Jakarta, CNBC Indonesia - Harga emas dunia melesat signifikan dan berhasil mencapai level tertinggi dalam lima minggu. Lonjakan harga ditopang dolar Amerika Serikat (AS) dan imbal hasil yang melemah di tengah ketidakpastian global jelang kesepakatan perdagangan. Hal ini pun mendorong permintaan terhadap safe haven seperti emas.
Pada perdagangan kemarin, Senin (21/7/2025), harga emas dunia melejit 1,38% di level US$3.395,32 per troy ons. Pada perdagangan intraday harga emas sempat menyentuh level psikologis US$3.400 per troy ons, kenaikan ini pun menjadi penguatan emas selama dua hari beruntun.
Penutupan harga kemarin adalah yang tertinggi sejak 13 Juni 2025 atau lima minggu terakhir.
Pada perdagangan hari ini Selasa (22/7/2025) hingga pukul 06.44 WIB, harga emas dunia di pasar spot melemah 0,03% di posisi US$3.394,3 per troy ons.
Harga emas naik lebih dari 1% dan mencapai level tertinggi lima minggu pada perdagangan Senin karena dolar dan imbal hasil obligasi AS melemah di tengah ketidakpastian menjelang tenggat waktu Amerika Serikat (AS) pada 1 Agustus bagi negara-negara untuk mencapai kesepakatan perdagangan dengan Washington atau menghadapi tarif lebih lanjut.

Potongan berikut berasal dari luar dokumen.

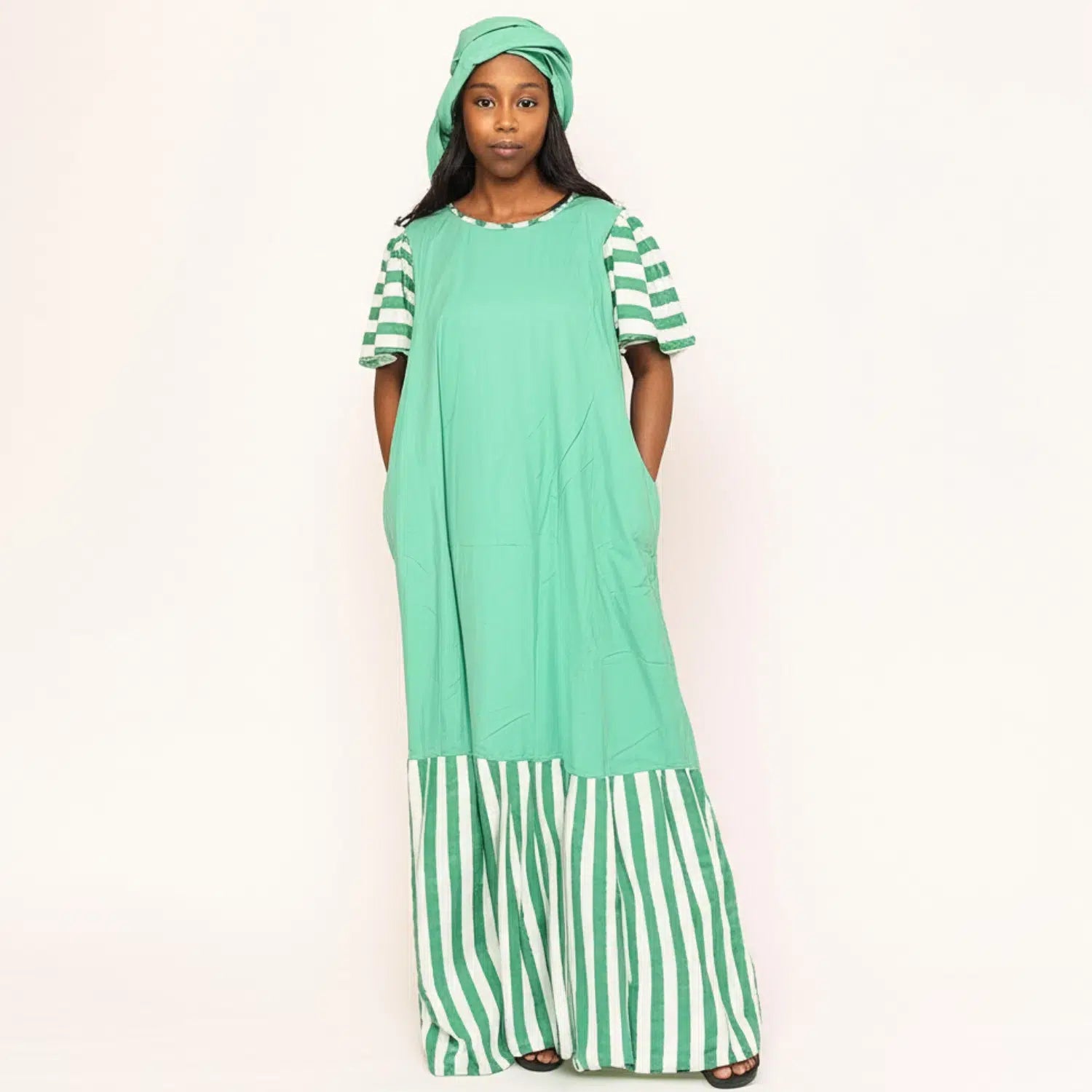 Robe longue en coton vert et lin à rayures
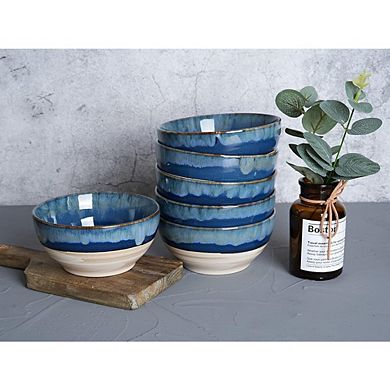 Ceramic Dessert & Cereal Bowls Set, 16oz, Microwave & Dishwasher Safe, Deep Blue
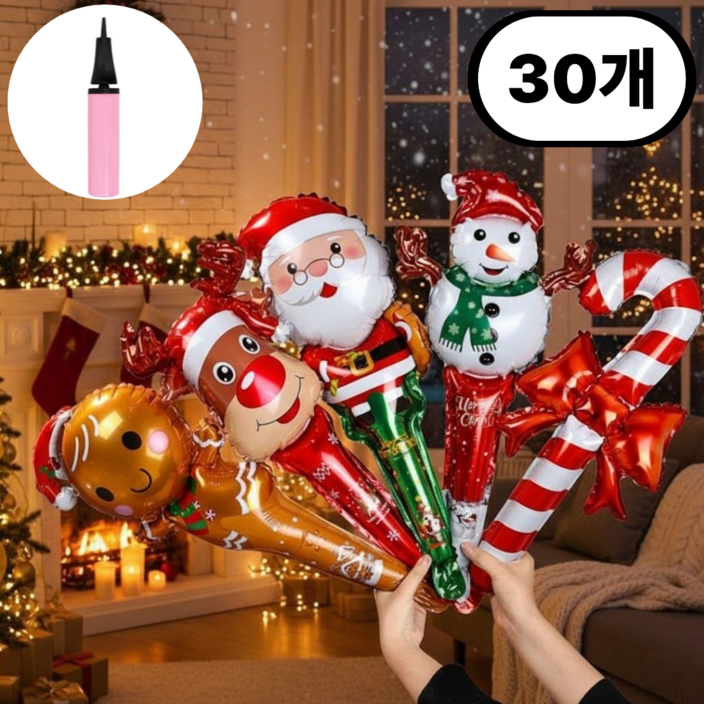 로어바제이 크리스마스 풍선 세트 막대풍선 5종 30개 대형 파티용품 스틱풍선, 1세트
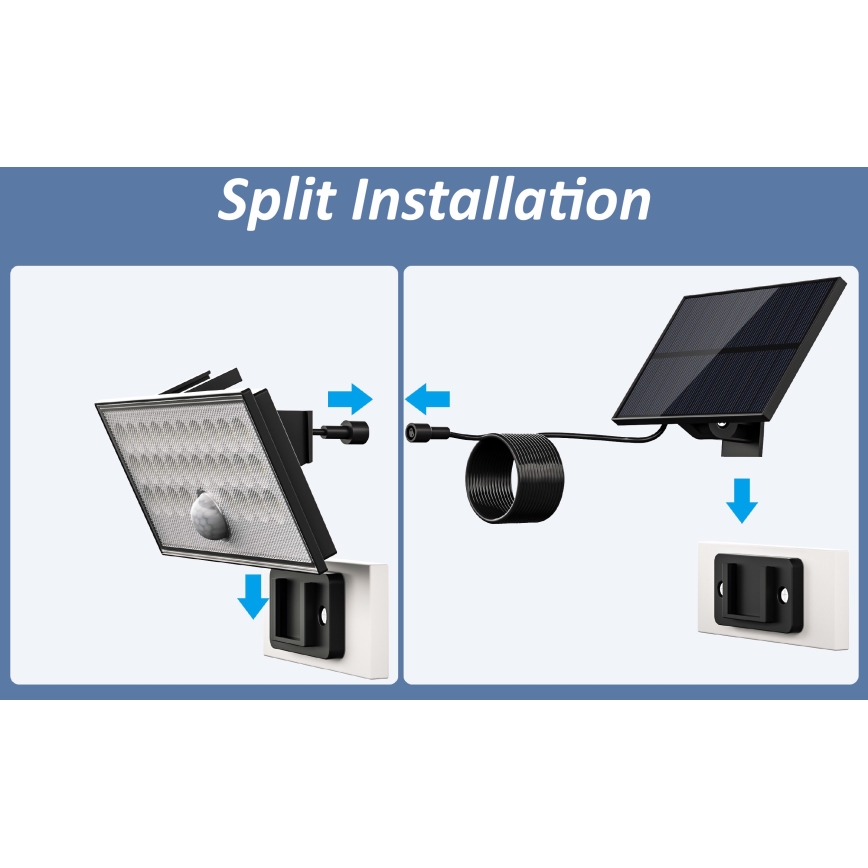 Top Light - LED Napelemes fali reflektor érzékelővel HELEON VARIO LED/8W/3,7V IP65 4000K 2200 mAh + távirányítás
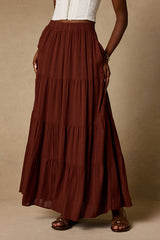 Sunset by the Sea Brown Embroidered Tiered Maxi Skirt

Pada perdagangan Senin (21/7/2025), indeks dolar AS/DXY anjlok 0,64% di level 97,85. Dolar yang melemah membuat emas berdenominasi dolar lebih terjangkau bagi pembeli yang menggunakan mata uang lain.
Sementara itu, imbal hasil obligasi Treasury AS 10 tahun juga terjun 1,38% di level 4,37. Angka tersebut mencapai level terendah dalam lebih dari satu minggu.
"Dengan tenggat waktu 1 Agustus yang semakin dekat, hal ini menimbulkan ketidakpastian di pasar dan hal itu tentu saja mendukung pasar emas," ujar David Meger, direktur perdagangan logam di High Ridge Futures, kepada Reuters.
Uni Eropa sedang menjajaki serangkaian kemungkinan tindakan balasan yang lebih luas terhadap AS karena prospek perjanjian perdagangan yang dapat diterima dengan Washington memudar, menurut para diplomat Uni Eropa.
Di sisi suku bunga, menurut CME FedWatch Tool para trader dan investor memperkirakan peluang penurunan suku bunga oleh Federal Reserve AS sebesar 59% pada bulan September.
Menteri Keuangan AS Scott Bessent mengatakan bahwa seluruh The Federal Reserve (The Fed) perlu diperiksa sebagai sebuah institusi.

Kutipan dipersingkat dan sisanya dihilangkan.